> **PROBLEM REQUIREMENTS**
Could you give back exactly the lines below from the one with "Stunning Rani Pink" through the one with "Men's Lacoste Printed", without a single picture?

___ MATERIAL SHOWN ___

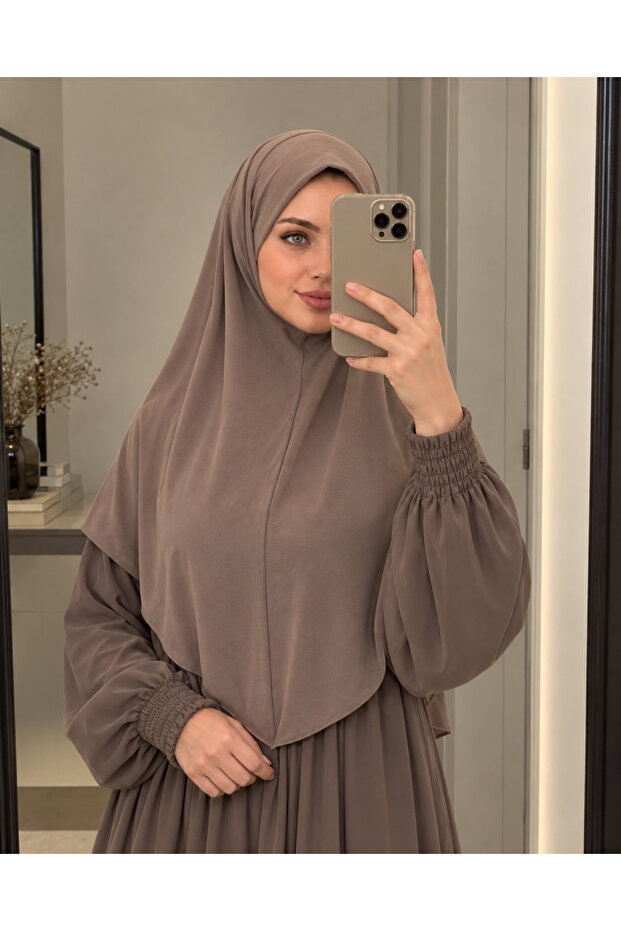 Malaysian Model Sandy Ready Hijab Khimar Scarf Hajj Umrah Prayer Suitable for Daily Use Mink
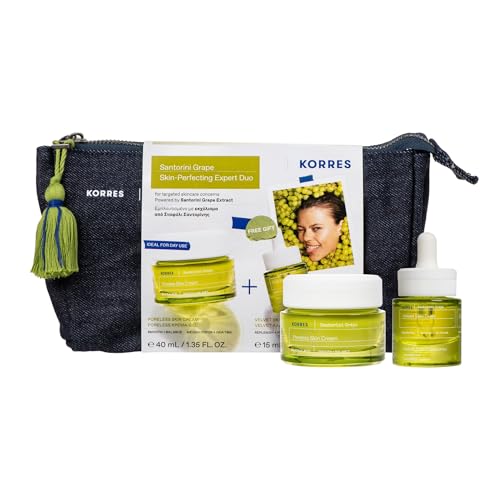 KORRES Santorini Grape Porenverfeinerndes Expert Duo, Vorteilsset aus Tagescreme 40ml und Elixir 15ml für samtweiche Haut und einen strahlenden Glow, silikon- und parabenfrei, vegan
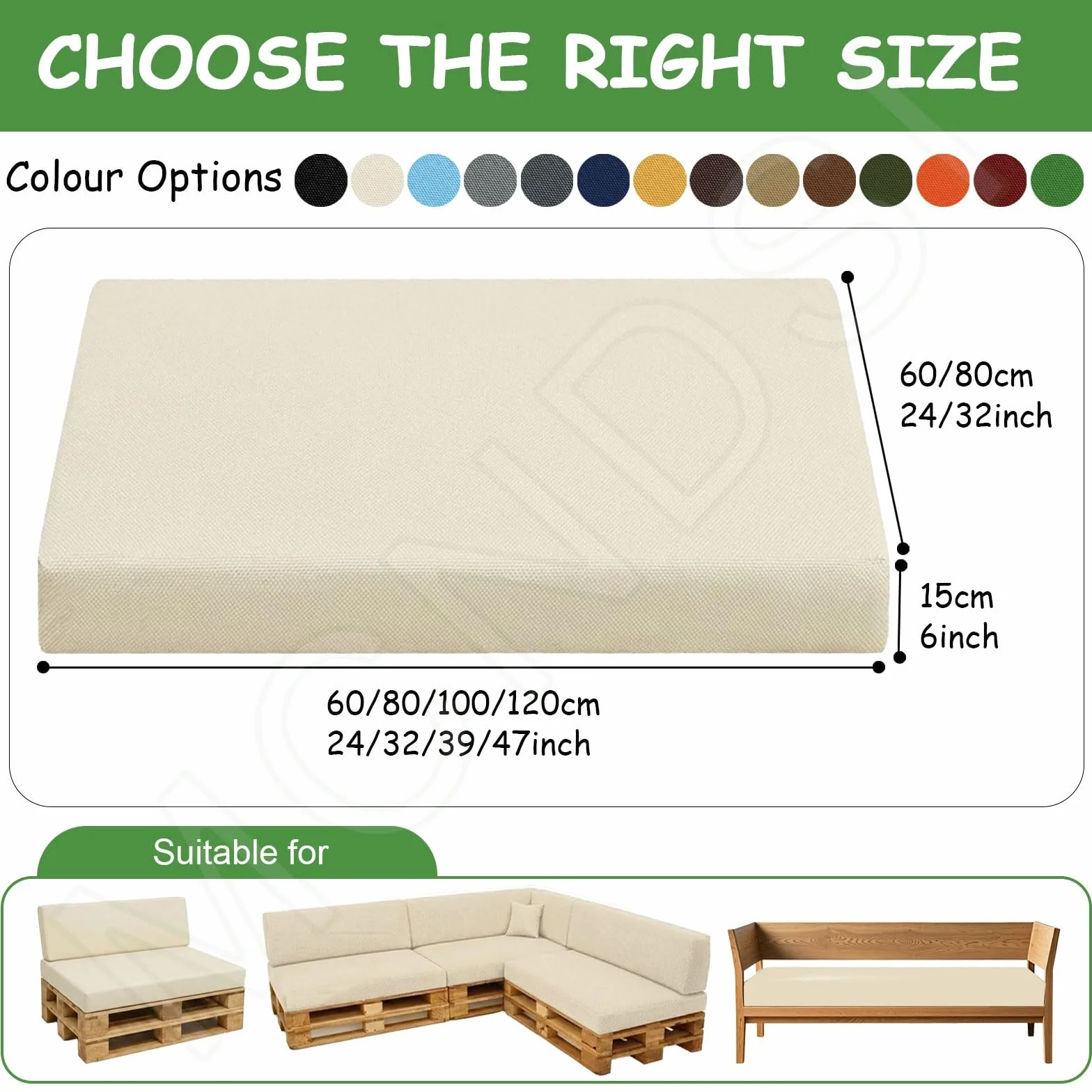 Generico Copertura Divano Bancali 120x80/60x40/120x60/120x40cm, Fodere Cuscini Pallet Idrorepellente Lavabile Copricuscini Ricambio con Cerniera Antiscivolo per Arredi Giardino(9,Seat：80x120cm)
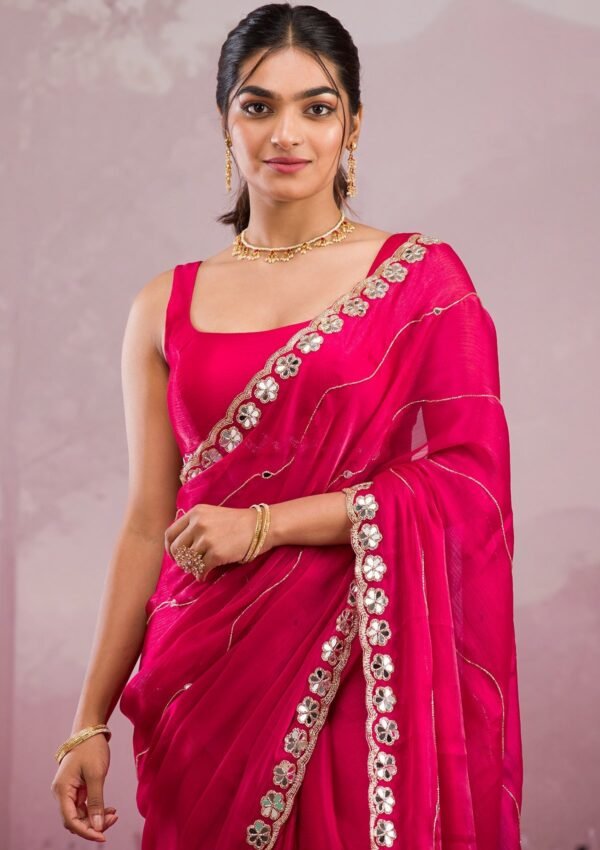 Stunning Rani Pink Georgette Saree with Elegant Mirrorwork - Image 3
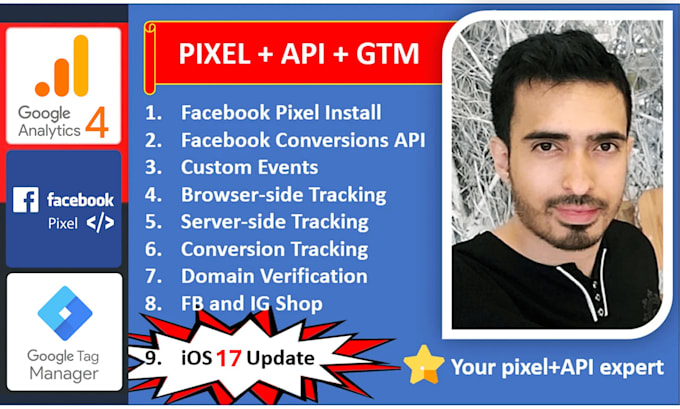 or setup facebook pixel, ios 17 update conversions API, google analytics events
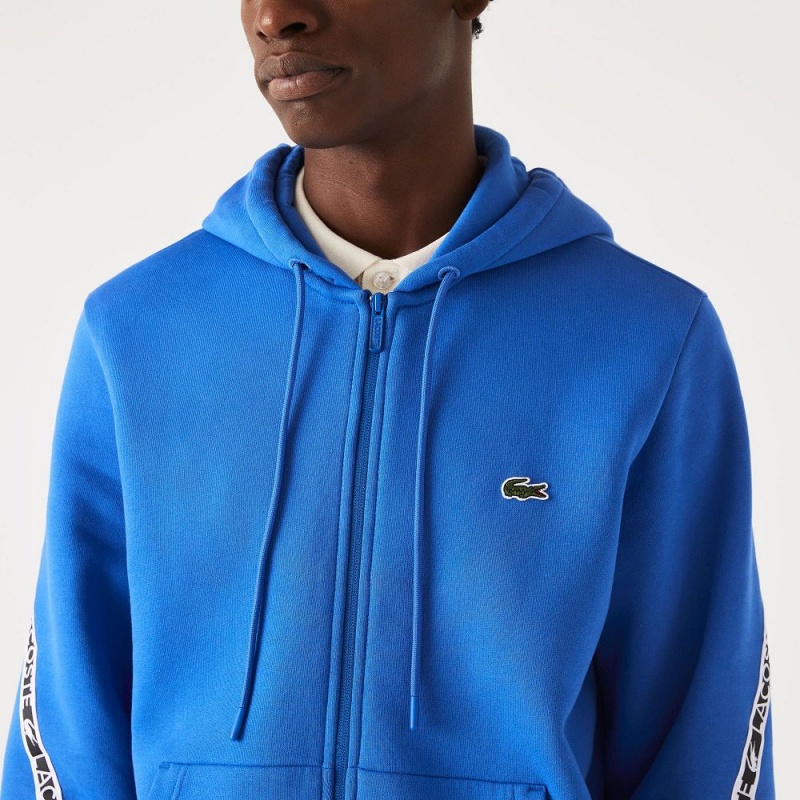 Men's Lacoste Printed Bands Zip-Up Hoodie Blue | JVF457123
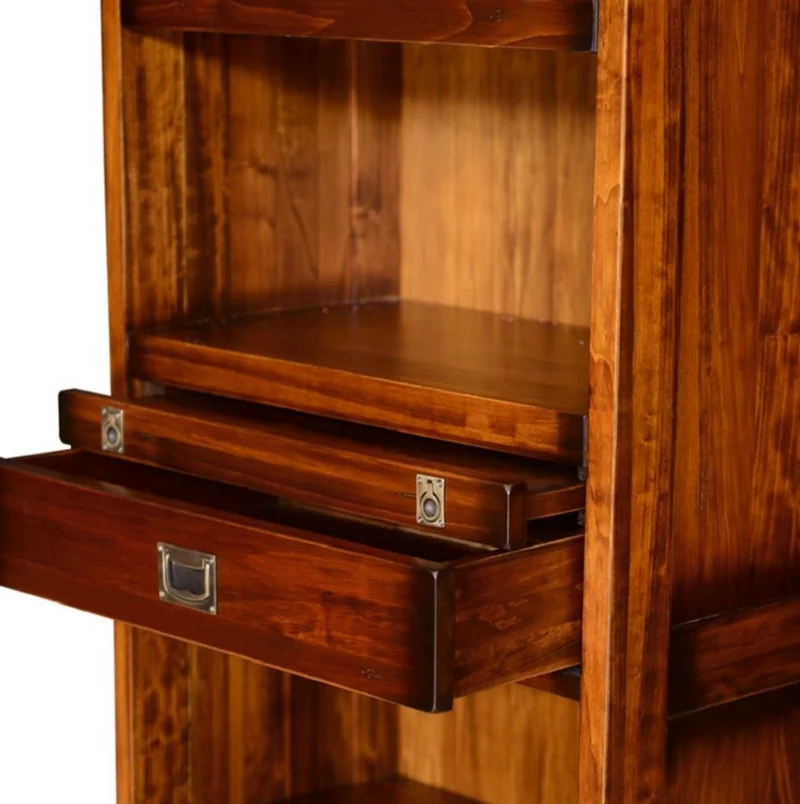 Casa Padrino Luxus Vintage Stil Bücherschrank Braun / Messing 60 x 34 x H. 185 cm - Massivholz Wohnzimmer Schrank - Büro Schrank - Wohnzimmer Möbel - Büro Möbel - Luxus Vintage Stil Möbel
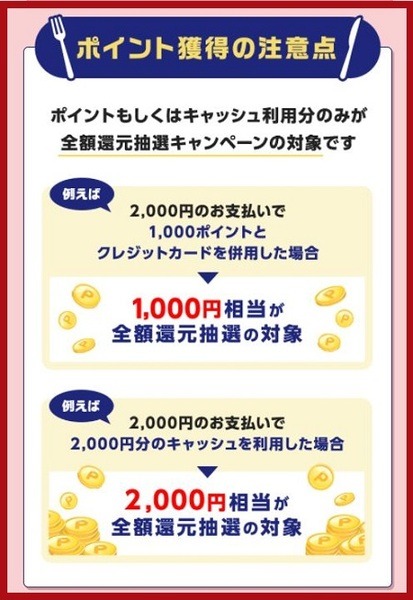 ポイント獲得の注意点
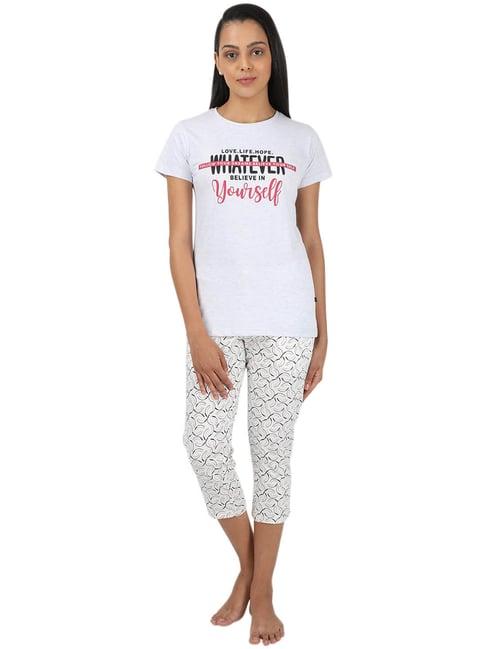 monte carlo grey & off white printed top with capris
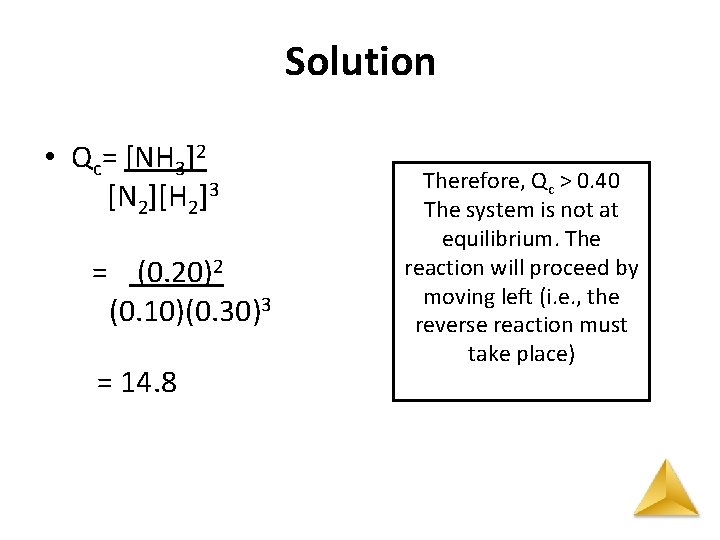 Solution • Qc= [NH 3]2 [N 2][H 2]3 = (0. 20)2 (0. 10)(0. 30)3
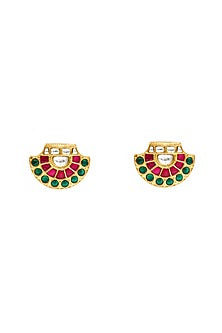 Gold Plated Kundan Polki Stud Earrings In Sterling Silver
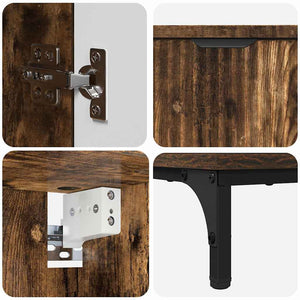 vidaXL Bathroom Furniture Set Smoked Oak Engineered Wood, Metal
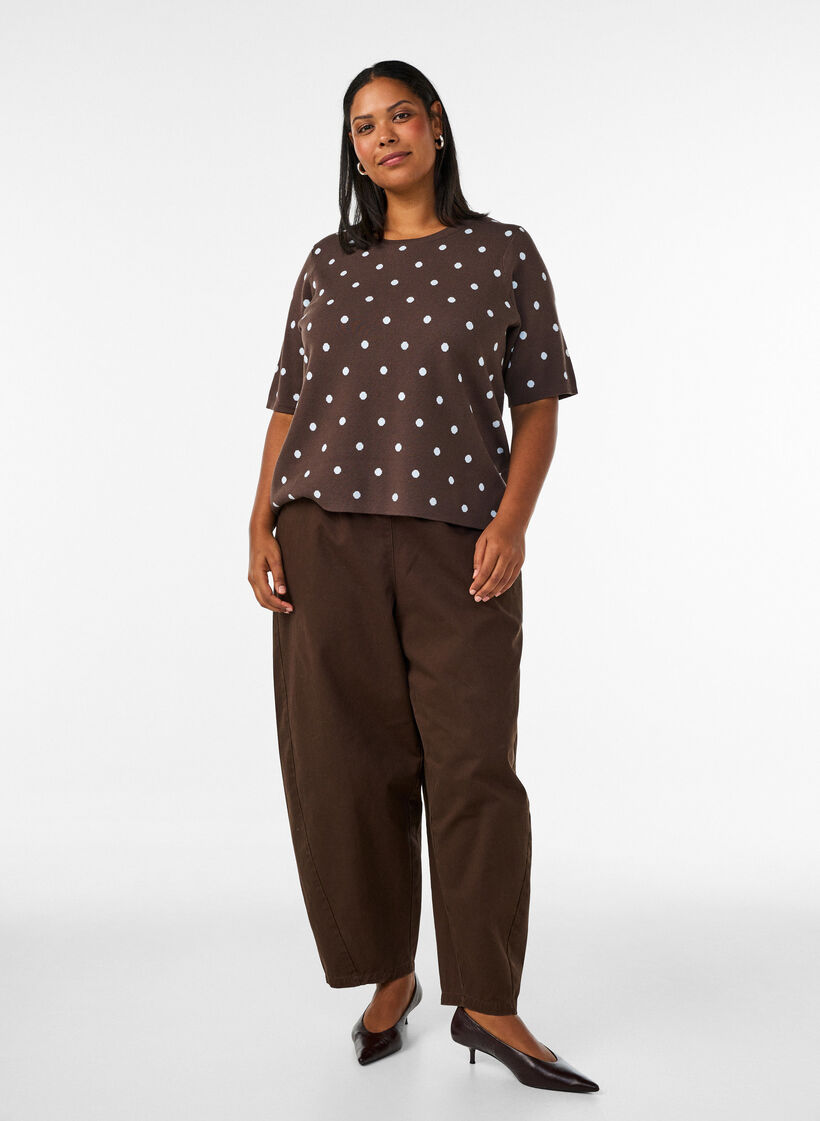 Blouse en maille &agrave; manches courtes &agrave; pois, Marron, Model image number 1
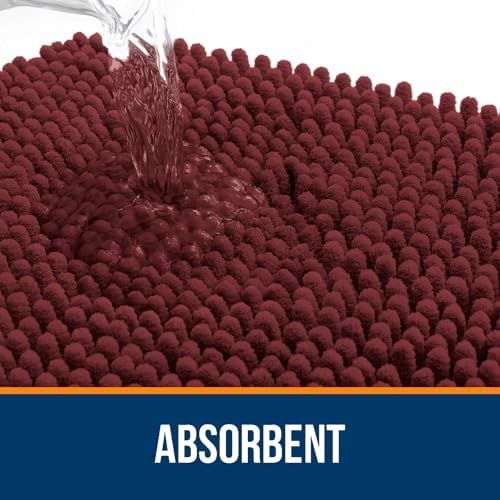 OLANLY Toilet Rugs U-Shaped 24x20, Soft Absorbent Chenille Contour Rugs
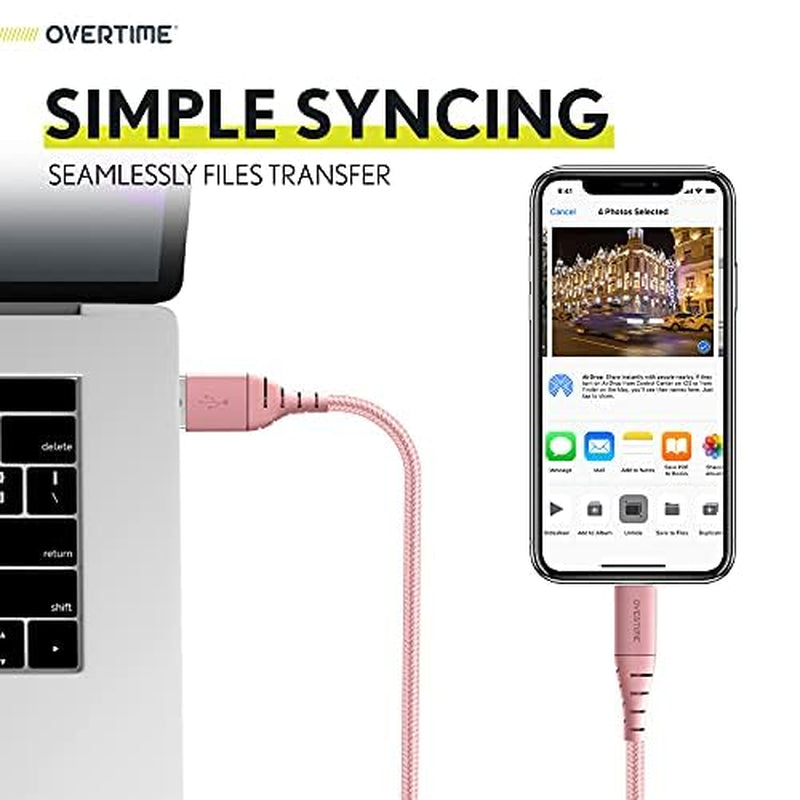 Iphone Lightning Cable, MFI Certified, Portable & Smart Charging USB a to Lightning Cable, Fast Apple Charging Cord, 6Ft Iphone Charger Cord Compatible with Iphone | Ipad | Ipod - Rose Gold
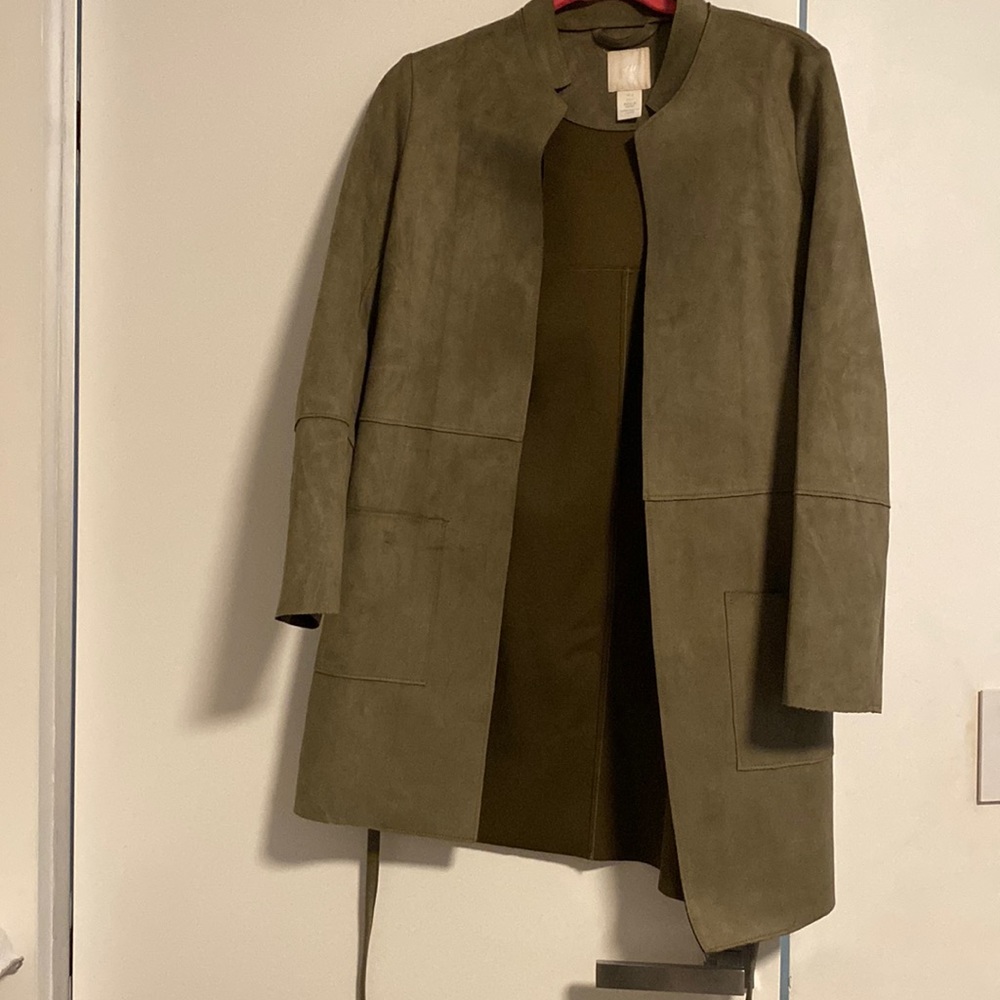 H&M Olive Green Faux Suede Jacket with Front Pockets Size S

___

> **SOLUTION TO THIS EXERCISE**
 Stunning Rani Pink Georgette Saree with Elegant Mirrorwork - Image 3
 or setup facebook pixel, ios 17 update conversions API, google analytics events
 Men's Lacoste Printed Bands Zip-Up Hoodie Blue | JVF457123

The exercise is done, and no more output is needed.